Submitted to: Journal of Environmental Quality
Publication Type: Peer Reviewed Journal
Publication Acceptance Date: 3/16/2008
Publication Date: 7/15/2008
Citation: Read, J.J., Brink, G.E., Adeli, A., McGowen, S.L. 2008. Swine effluent application timing and rate affect nitrogen use efficiency in common bermudagrass. Journal of Environmental Quality. 37:S-180-S-189.
Interpretive Summary: In the southeastern USA, swine waste management plans often include the use of lagoon effluent for the production of bermudagrass hay. These plans are based on agronomic rates which guide the timing and amount of swine effluent applied and also minimize negative impacts on water quality. Frequent summer precipitation may delay the application of swine effluent to bermudagrass until late summer or early fall. Due to declining growth of this warm-season forage in fall, there is potential for excessive nitrogen (N) accumulations in soil and hence, nitrate-N leaching. To understand this potential risk, we applied swine effluent at rates of 10 and 20 cm/ha (about 260 and 480 kg N/ha, respectively) in four spray seasons: April to September (full season), April to May, June to July, and August to September. The percentage of applied N recovered in bermudagrass hay averaged about 70% in June-July spray season. This value decreased to 46% in August-September spray season at 10 cm rate and to 42% at 20 cm rate. Applying 20 cm effluent in August-September increased soil nitrate by about 208% in 2000 and 116% in 2001, as compared to unfertilized controls.
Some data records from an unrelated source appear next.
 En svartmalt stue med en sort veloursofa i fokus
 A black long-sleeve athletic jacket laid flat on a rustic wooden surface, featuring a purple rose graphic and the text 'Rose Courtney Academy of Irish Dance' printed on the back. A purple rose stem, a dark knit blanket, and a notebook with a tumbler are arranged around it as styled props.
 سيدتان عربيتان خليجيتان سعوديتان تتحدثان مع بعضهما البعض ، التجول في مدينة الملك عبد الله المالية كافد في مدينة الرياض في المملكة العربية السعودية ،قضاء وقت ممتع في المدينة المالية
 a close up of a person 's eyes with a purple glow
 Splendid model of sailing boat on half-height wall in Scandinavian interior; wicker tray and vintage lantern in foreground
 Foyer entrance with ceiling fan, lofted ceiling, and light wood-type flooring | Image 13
Results suggest increased risk of N loss to the environment if effluent application to bermudagrass is delayed until late in the growing season, particularly at higher application rates. Additionally, N utilization by bermudagrass was reduced by dry summer conditions that further protracted the growing season and annual yield of this warm-season forage grass.
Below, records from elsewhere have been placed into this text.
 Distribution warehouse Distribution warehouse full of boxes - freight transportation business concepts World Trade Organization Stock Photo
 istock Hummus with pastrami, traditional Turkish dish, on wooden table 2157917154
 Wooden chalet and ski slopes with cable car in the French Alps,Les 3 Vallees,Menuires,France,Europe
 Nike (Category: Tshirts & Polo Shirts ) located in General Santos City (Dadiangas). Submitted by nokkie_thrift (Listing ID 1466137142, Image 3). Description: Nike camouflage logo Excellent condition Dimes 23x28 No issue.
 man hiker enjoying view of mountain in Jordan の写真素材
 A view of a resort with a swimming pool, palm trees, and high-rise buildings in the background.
Technical Abstract: Frequent summer precipitation in southeastern USA may delay the application of swine effluent to bermudagrass [Cynodon dactylon (L.) Pers.] hay fields until late summer or early fall. Due to declining growth of this warm-season forage in fall, there is potential for excessive N accumulations in soil and hence, nitrate leaching. Field studies were conducted on a Prentiss sandy loam soil to determine if irrigation timing and rate influence N utilization and postseason soil N concentration. Effluent was applied at rates of 10 and 20 cm/ha (260 and 480 kg N/ha, respectively) in four spray seasons: April to September, April to May, June to July, and August to September. Doubling the effluent rate increased bermudagrass N uptake from about 130 to 276 kg/ha in 2000, and from about 190 to 290 kg/ha in 2001. Applying effluent in August-September led to lower N uptake, as compared to other seasons, and for 20 cm rate, to greater soil nitrate to 30-cm depth in spring 2001. Elevated levels of soil N for 20 cm rate were associated with lower forage yield in 2000 than 2001 (10.5 vs 16.4 Mg/ha). Averaged across spray seasons, postseason soil nitrate values to 5-cm depth were significantly greater for 20 cm rate than unfertilized control (39.6 vs 8.5 mg/kg). Results indicate as little as 30-38% of the effluent N applied late in the growing season was utilized by bermudagrass, which could lead to increased groundwater N under high leaching conditions.